Придворная словесность: институт литературы и конструкции абсолютизма в России середины XVIII века - [22]

Шрифт
Интервал

Как показывает последнее замечание, пафос переведенной Вешняковым I сатиры «На хулящих учение» согласовывался с культурными потребностями просвещенной дворянской элиты. В сатирах Кантемира консолидировался набиравший влияние, хотя еще далеко не общепринятый этос дворянской образованности.

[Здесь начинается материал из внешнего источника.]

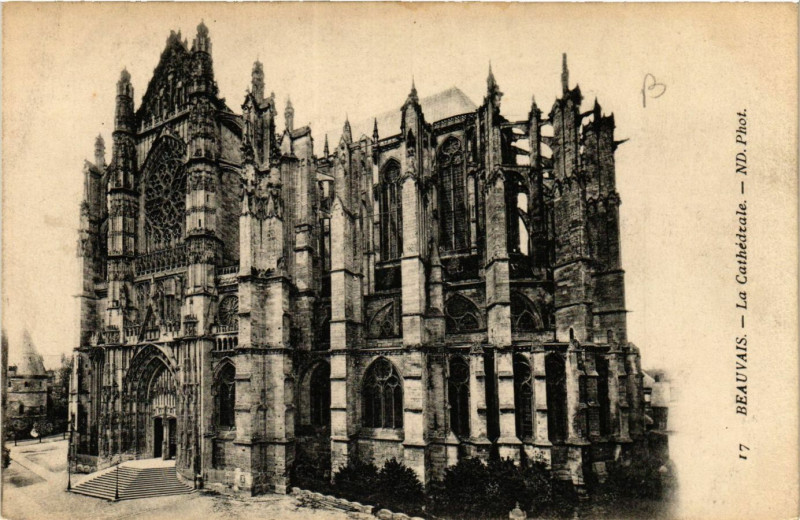 Carte postale ancienne Beauvais-La Cathedrale à Beauvais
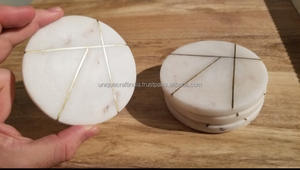 Sous-verres en marbre fabriqués à la main finition lisse ensemble de sous-verres en pierre naturelle pour l'intérieur de la cuisine derniers tapis et tampons de conception - Product Image 4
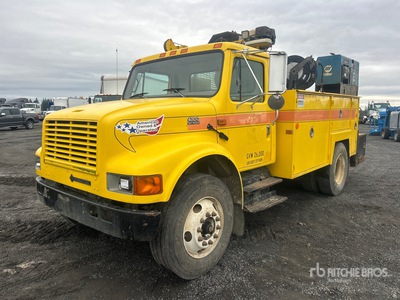 2001 International 4700 4x2 Service Truck
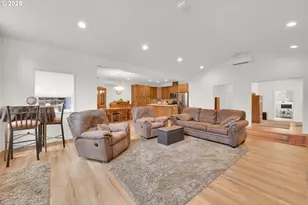 3825 Brighton Ave, Eugene, OR 97405 - Photo 3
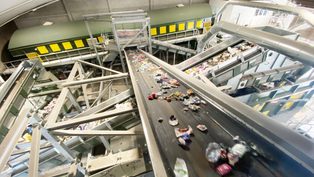 Stadler installs hybrid M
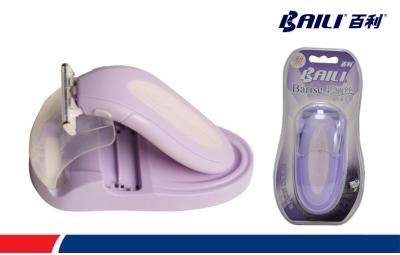 China Male Female Triple Blade Razors Sensitive Skin Shaving Razor With Aloe for sale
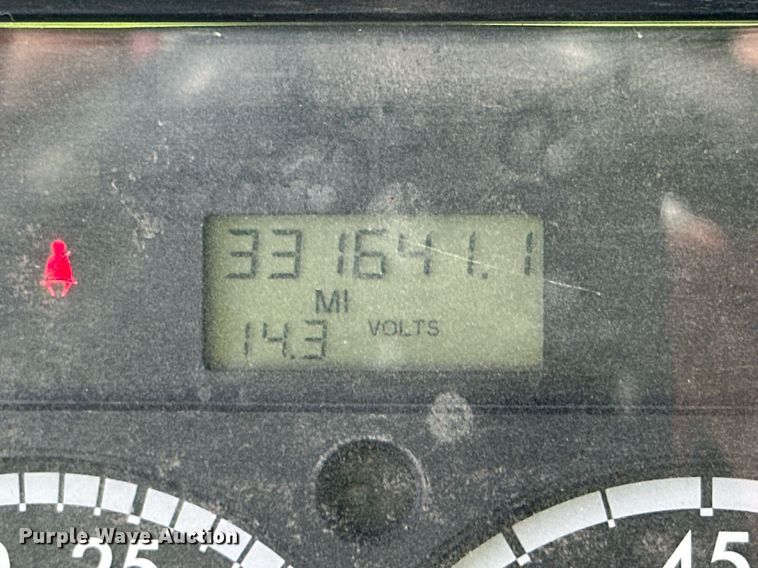 image for item DP6065 2013 Freightliner FL112 flatbed truck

Связанные с ним модели социального продвижения канонизировались в VII сатире «О воспитании», восхвалявшей петровские «училища» и ставившей успехи по службе в прямую зависимость от образования («наук»):

Главно воспитания в том состоит дело,
Чтоб сердце, страсти изгнав, младенчее зрело
В добрых нравах утвердить, чтоб чрез то полезен
Сын твой был отечеству, меж людьми любезен
И всегда желателен, – к тому все науки
Концу и искусства все должны подать руки.
Суд трудный мудро решить, исчислить приходы
Пространна царства и им соравнить расходы
Одним почти почерком; в безднах вод надежный
Предызбирать всегда путь; любитель прилежный
Небес числить всякого удобно светила
Путь и беглость и того, сколь велика сила
Над другим; в твари всему знать исту причину —
Мудрым зваться даст тебе и, может быть, к чину
Высшему отворит вход; народ будет целый
Искусным вождем тя звать, зря царства пределы,
Тобою расширенны, и вражии рати
И городы, стерты в прах.
(Кантемир 1956, 159; курсив наш. – К. О.)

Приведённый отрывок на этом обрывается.